Bagikan:

JAKARTA - Ketua Komnas Haji sekaligus Dosen UIN Jakarta, Mustolih Siradj, setuju usulan DPR soal pembentukan Kementerian Haji. Menurut Mustolih, selama ini terdapat ketidaksejajaran antara Kementerian Agama dengan Badan Pengelola Keuangan Haji (BPKH) yang memunculkan ego sektoral, menghambat efektivitas pengelolaan haji di Indonesia.

"Fokus saja, lembaga itu diberikan mandat, diberikan kewenangan dari hulu sampai hilir supaya bisa efisiensi anggaran, efisiensi sumber daya manusia, dan kemudian tidak ada munculnya ego sektoral," kata Mustolih Senin 10 Juni.

Mustolih menyarankan agar Kementerian Haji dibentuk terpisah dari Kementerian Agama saat ini. Langkah ini diharapkan mampu menghindari dualisme dalam pengelolaan haji dan memastikan seluruh proses terkait ibadah haji dapat terpusat dan berjalan lebih terkoordinasi.

"Haji ini memang perlu dipisah dari Kementerian Agama untuk kemudian kementerian atau lembaga tersendiri. Namun, nanti syaratnya begini, kalaupun misalnya ini mau digagas, tidak parsial. Maksudnya adalah menyangkut pengelolaan keuangan haji karena sekarang itu kan ada dualisme pengelola haji," jelasnya.

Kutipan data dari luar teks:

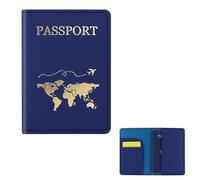FuninCrea Reisepass Halter, PU Leder Reisepass Abdeckung Reise Geldbörse mit Mehreren Slots, schlanke Reisepasshülle Geldbörse mit goldenem Muster für Reisepaß, Visitenkarten (Marineblau)
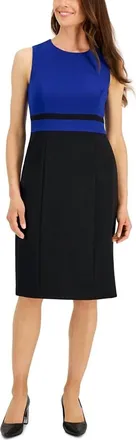 Kasper Colorblocked Sleeveless Sheath Dress In Black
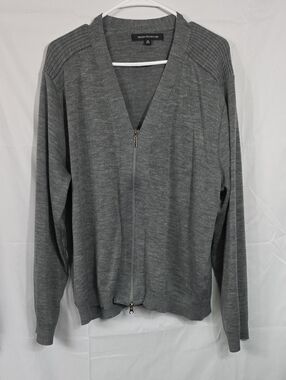 Hotel Design Collective Men's Gray Zip Cardigan Sweater 2XL New Without Tags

Mustolih menyebutkan pengelolaan haji selama ini terlalu kompleks dan banyak mengalami kendala. Menurut dia BPKH selama ini hanya dijadikan kasir oleh DPR dan Kementerian Agama. Hal ini terjadi karena dalam pembahasan besaran biaya penyelenggaraan ibadah haji, BPKH seringkali tidak dilibatkan secara langsung.

"BPKH merasa dalam perjalanannya itu hanya dijadikan sebagai kasir saja oleh DPR dan Kementerian Agama. Ketika pembahasan, misalnya besaran biaya penyelenggaraan ibadah haji, mereka tidak dilibatkan," tutur Mustolih.

Saat ini, pengurusan haji diatur oleh Direktorat Jenderal Penyelenggaraan Haji dan Umrah (Ditjen PHU) yang berada di bawah Kementerian Agama, sedangkan aspek keuangan diatur oleh BPKH sesuai dengan Undang-Undang Nomor 34 Tahun 2014 tentang Pengelolaan Keuangan Haji. Ketidaksejajaran peran ini, menurut Mustolih, menjadi salah satu faktor yang memperumit pengelolaan haji di Indonesia.

"Ada Undang-Undang Nomor 34 Tahun 2014 tentang Pengelolaan Keuangan Haji yang kemudian memunculkan lembaga baru, yaitu Badan Pengelola Keuangan Haji (BPKH), yang berada langsung di bawah presiden. Nah, ini akhirnya dalam praktiknya cukup menyulitkan, terutama terkait dengan faktor koordinasi," paparnya.

Mustolih menyarankan agar pengelolaan haji dapat tersentralisasi dengan pembentukan Kementerian Haji yang terpisah. Harapannya, langkah ini dapat membuat pengelolaan ibadah haji lebih efisien dan terkoordinasi sehingga pelayanan kepada jemaah haji dapat ditingkatkan.

"Kalau ini sebetulnya disinkronisasi dan kemudian digabung, tidak ada lagi penyelenggara dan tidak ada lagi yang mengelola keuangan secara terpisah, saya kira ini sebetulnya jauh lebih efisien," tutup Mustolih.